As Jeff Bezos of Amazon says, “Your margin is my opportunity.” Moreover, as Benedict Evans of A16Z notes, autonomous vehicles will be designed differently, with fewer features, thus making them even cheaper than cars that human drivers are using today to transport riders. With economies of scale, it therefore seems plausible that autonomous vehicles will be 60 percent cheaper than human-driven vehicles, even if Uber maintains its gross profit per ride.
Let’s return to Uber’s virtuous cycle. As outlined by Gurley, if we substitute “more drivers” with “more autonomous vehicles” and “lower prices” with “way lower prices,” it appears that the “market” breaks. You could argue that an aggressive company could accomplish the same task now by simply paying drivers a flat hourly fee, even if there’s no demand — but it doesn’t make any sense to do that because drivers are intrinsically temporary. Paying drivers now doesn’t mean drivers will service riders later.
On the other hand, paying for a car now, even if it’s underutilized, doesn’t mean it won’t be utilized in the future. Moreover, the marginal cost of a car sitting in park two miles from downtown approaches $0.
If it’s indeed possible to ever break Uber’s lock on the market, the shift to autonomous vehicles will be the disruptive force that enables someone else to win by beating Uber on asymmetric terms. Being first to market with the right vehicle will be paramount. Even a one-year head start could dramatically change the market dynamics now that Uber and its rivals have educated the market.

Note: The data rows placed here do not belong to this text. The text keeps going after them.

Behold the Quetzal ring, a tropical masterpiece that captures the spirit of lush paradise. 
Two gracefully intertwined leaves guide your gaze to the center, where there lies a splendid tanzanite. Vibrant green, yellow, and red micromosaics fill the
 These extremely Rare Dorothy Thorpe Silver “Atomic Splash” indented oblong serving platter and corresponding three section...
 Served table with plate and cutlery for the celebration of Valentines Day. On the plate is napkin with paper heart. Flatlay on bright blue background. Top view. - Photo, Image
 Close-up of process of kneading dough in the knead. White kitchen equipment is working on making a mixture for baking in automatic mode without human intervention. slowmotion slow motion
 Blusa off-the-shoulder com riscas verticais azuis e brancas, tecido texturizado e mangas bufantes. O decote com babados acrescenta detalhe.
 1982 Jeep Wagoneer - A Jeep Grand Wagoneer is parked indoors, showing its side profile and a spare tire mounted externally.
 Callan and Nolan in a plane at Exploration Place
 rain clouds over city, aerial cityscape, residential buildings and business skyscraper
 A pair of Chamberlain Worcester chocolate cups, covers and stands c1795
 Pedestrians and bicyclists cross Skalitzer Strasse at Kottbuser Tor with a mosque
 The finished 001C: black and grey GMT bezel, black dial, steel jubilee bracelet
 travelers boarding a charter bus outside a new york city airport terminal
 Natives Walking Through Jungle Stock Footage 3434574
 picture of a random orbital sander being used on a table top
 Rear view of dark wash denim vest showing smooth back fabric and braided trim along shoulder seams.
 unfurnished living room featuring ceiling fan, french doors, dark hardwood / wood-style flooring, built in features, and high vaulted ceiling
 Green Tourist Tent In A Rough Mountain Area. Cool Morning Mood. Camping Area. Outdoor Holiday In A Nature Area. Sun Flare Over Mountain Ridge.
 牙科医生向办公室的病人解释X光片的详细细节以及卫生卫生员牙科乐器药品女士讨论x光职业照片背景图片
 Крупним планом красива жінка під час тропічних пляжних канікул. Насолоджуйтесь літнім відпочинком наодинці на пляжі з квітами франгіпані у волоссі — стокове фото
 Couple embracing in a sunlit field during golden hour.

Google is best suited to productize autonomous cars for ride-hailing. Google invested in Uber and thus has access to useful, confidential information about the ride-hailing business; Google has the best mapping solutions in the world, the most advanced automated driving solutions and the first vehicles designed from the ground up to be autonomous. It’s hard to imagine any company that’s better poised to capitalize on this opportunity to break Uber’s impending monopoly.
However, as Benedict Evans notes, self-driving technology will commoditize. Given that Google is financing most of the R&D and their history with Android, it’s probable that Google wants to commoditize autonomous vehicles. At some point, it will not make sense for a single corporation to finance tens or hundreds of billions of dollars of assets. Rather, banks or public markets should finance these assets. It will be interesting to see.
P.S. Google named “Google Drive” a little bit too soon.